Walking with Miss Millie
Alice is angry at having to move to Rainbow, Georgia - a too small, too hot, dried-up place she's sure will never feel like home. Then she gets put in charge of walking her elderly neighbor's dog. But Clarence won't budge without Miss Millie, so Alice and Miss Millie walk him together.
Running With Lions
Sebastian is getting ready for his last year at soccer camp when he finds out his ex-best friend, Emir, is also attending. He doesn't know exactly what went wrong with Emir. When they were small, they were inseparable. That changed after Emir had to go back to England so his family could care for his ailing grandmother. When he returned, things were differently and they never really talked again. Emir seemed angry and unapproachable. Now with him attending soccer camp, Sebastian worried what it would be like. Would Emir fit in with his other friends or would he remain aloof and angry?
The Bird King
The Bird King takes place during the end of the reign of the last sultan of Granada. The story centers on a concubine named Fatima and her beloved friend, Hassan. Hassan has a magical skill that enables him to draw maps of places he's never seen and alter the reality of those places. His gift is coveted because of its importance in times of war and retreat. On the edge of losing his kingdom, the sultan hands Hassan over to the Inquisitors who have come to negotiate the transition of power to Spain.
Brave
Jenson dreams of being an astronaut and saving the world. He is a dreamer. Middle school is hard though and Jenson is no exception to that rule. Sometimes the kids say things to him or make jokes at his expense but they're his friends and they're just kidding....right? RIGHT?
This second book in the Awkward series focuses on the bullying climate in the school and what it might take to change it.
Crush
The third book in the Awkward series focuses on Jorge. Jorge is a big guy with a lot of strength so he is the unofficial protector in the school. He tries to always do what's right and hold others to that as well. Middle school is tough for kids but it becomes much tougher for Jorge when her realizes he has a crush.

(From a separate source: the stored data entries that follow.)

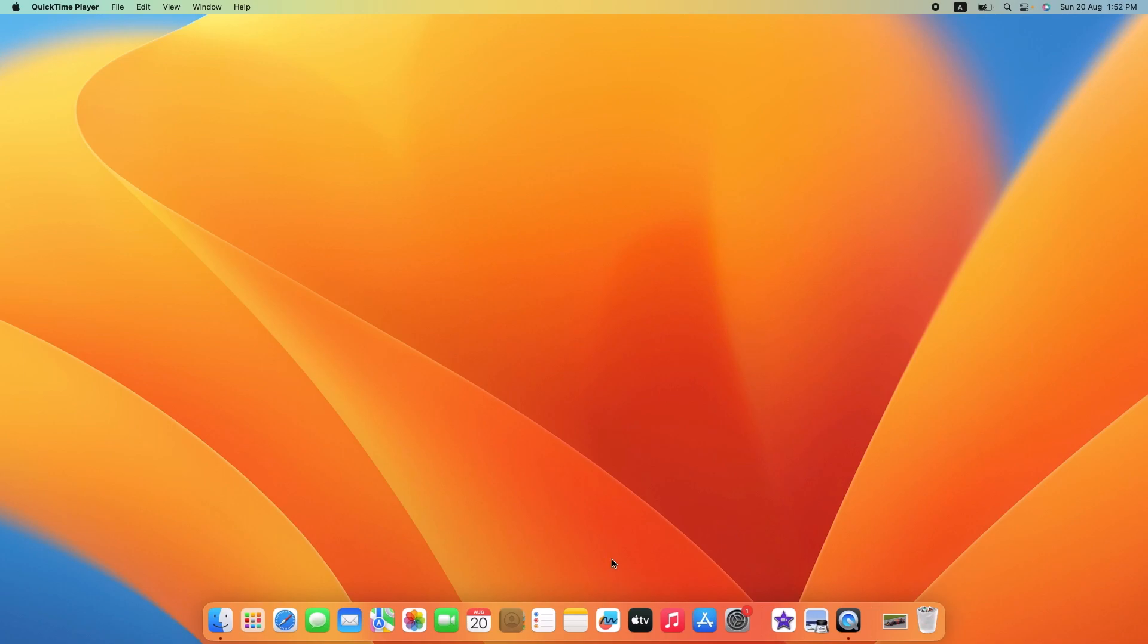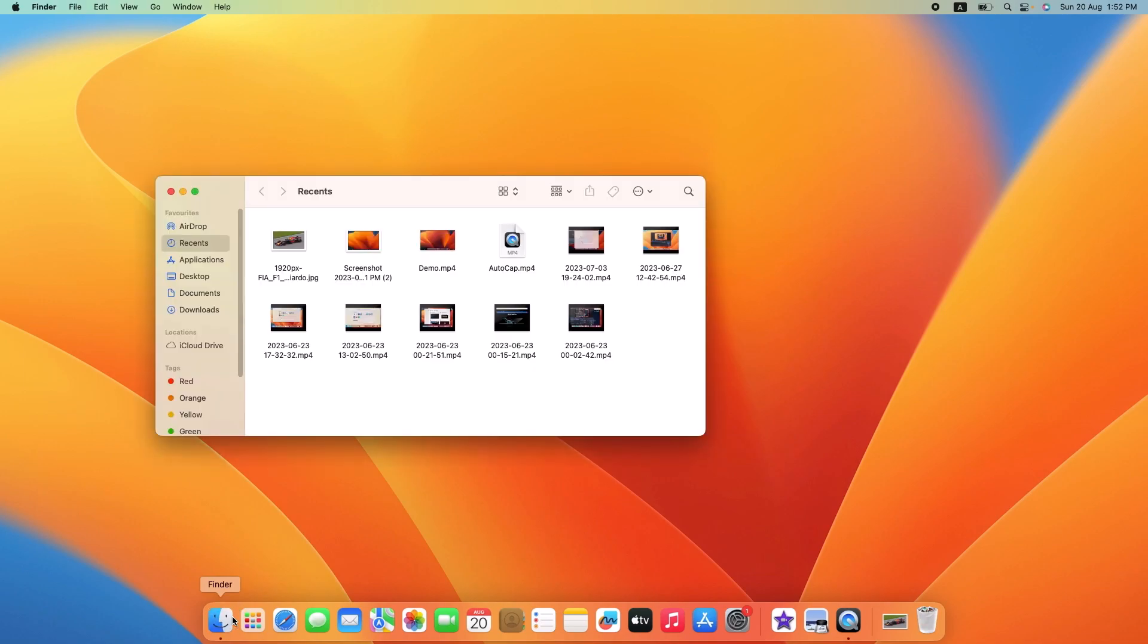By the way, I'm using Ventura which is currently the latest version of macOS. If you're using an older version, then the interface might be a bit different. Now click on Go in the top bar, and then click on Go to Folder.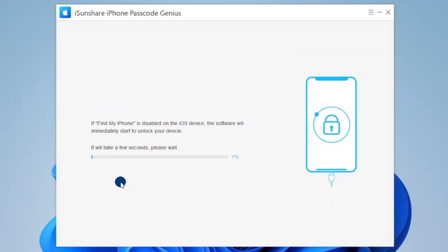If Find My iPhone is disabled on the iOS device, the software will immediately start to unlock your device. Or you can disable Find My iPhone in Settings and make sure it is disabled to complete the process.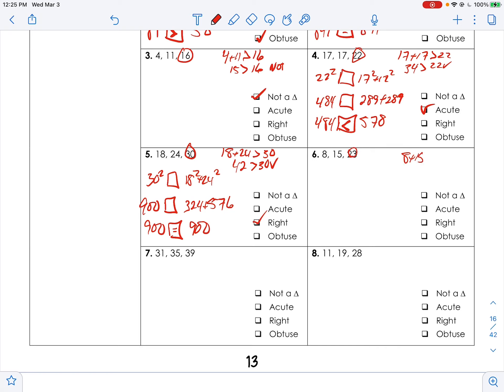Number six: 23 is the bigger side, so 8 plus 15 must be bigger than 23. That's exactly 23, which is not greater than 23 — so it's not a triangle.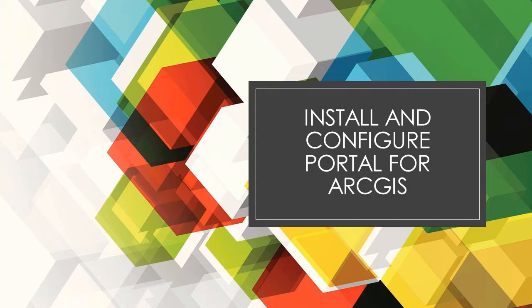Let's get started with installing and configuring ArcGIS Enterprise. Hi everyone, welcome back to my channel for another tutorial.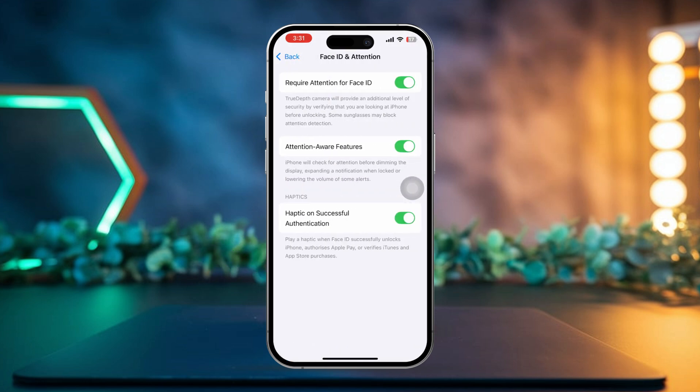Now make sure to enable the following options: Require Attention for Face ID, Attention Aware Features, and Haptics on Successful Authentication. If these options are already turned on, turn them off first and then turn them back on again.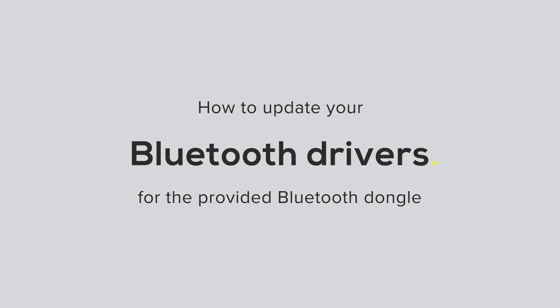Hi, my name is Sam from Artinis Medical Systems and in this video I will show you how to update the driver of your Bluetooth dongle to ensure good connectivity with your device.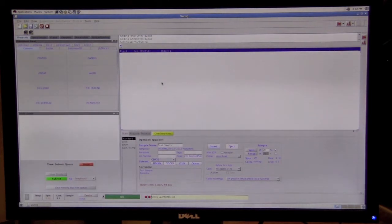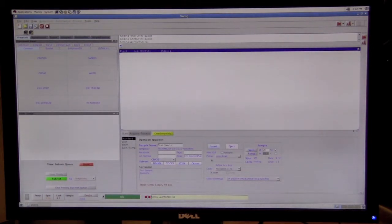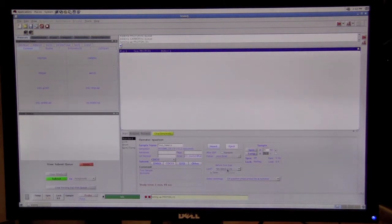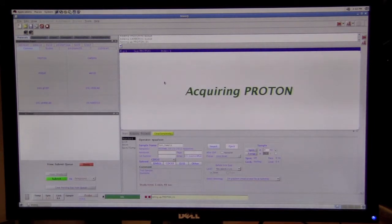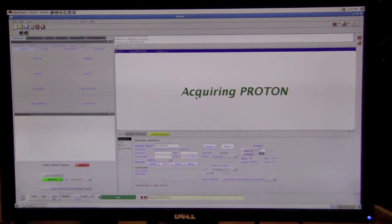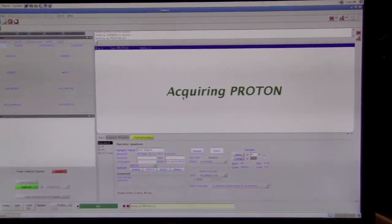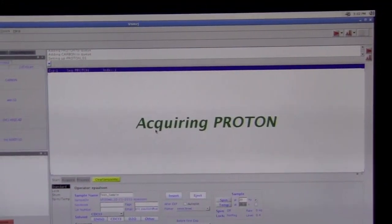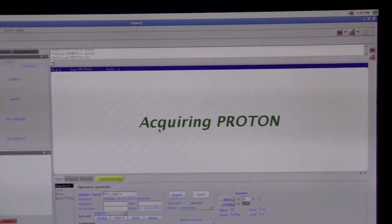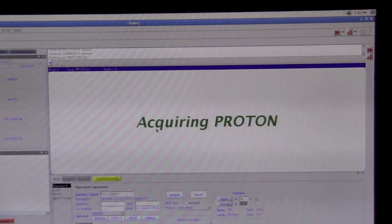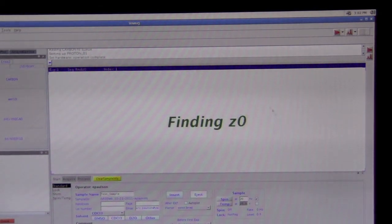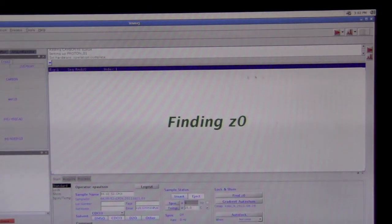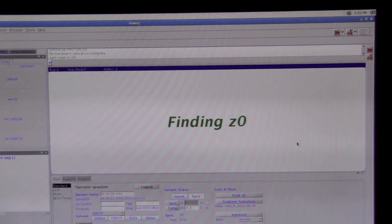It says it's setting up a proton. And now it is going to do automatic lock because we chose that option. When it does automatic lock, it doesn't call it automatic lock. Instead, it will say finding Z0. So, when it's doing finding Z0, that's doing the automatic lock, which will happen in just a second. There it goes. So now it is doing automatic lock.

This is cute, realistic graphic novel about the realities of middle school and how to navigate them, or at least try to.
The Great Believers
Yale Tishman is a young professional gay man in 1980's Chicago just as the AIDS epidemic starts its ravaging path. The book opens at a memorial party for Yale's good friend, Nico, the first of his group to die. Nico's story is a familiar tale of parental betrayal because of his sexuality but the central figure of his story is his sister, Fiona. She was his caregiver, his protector and his stanchest ally through his life.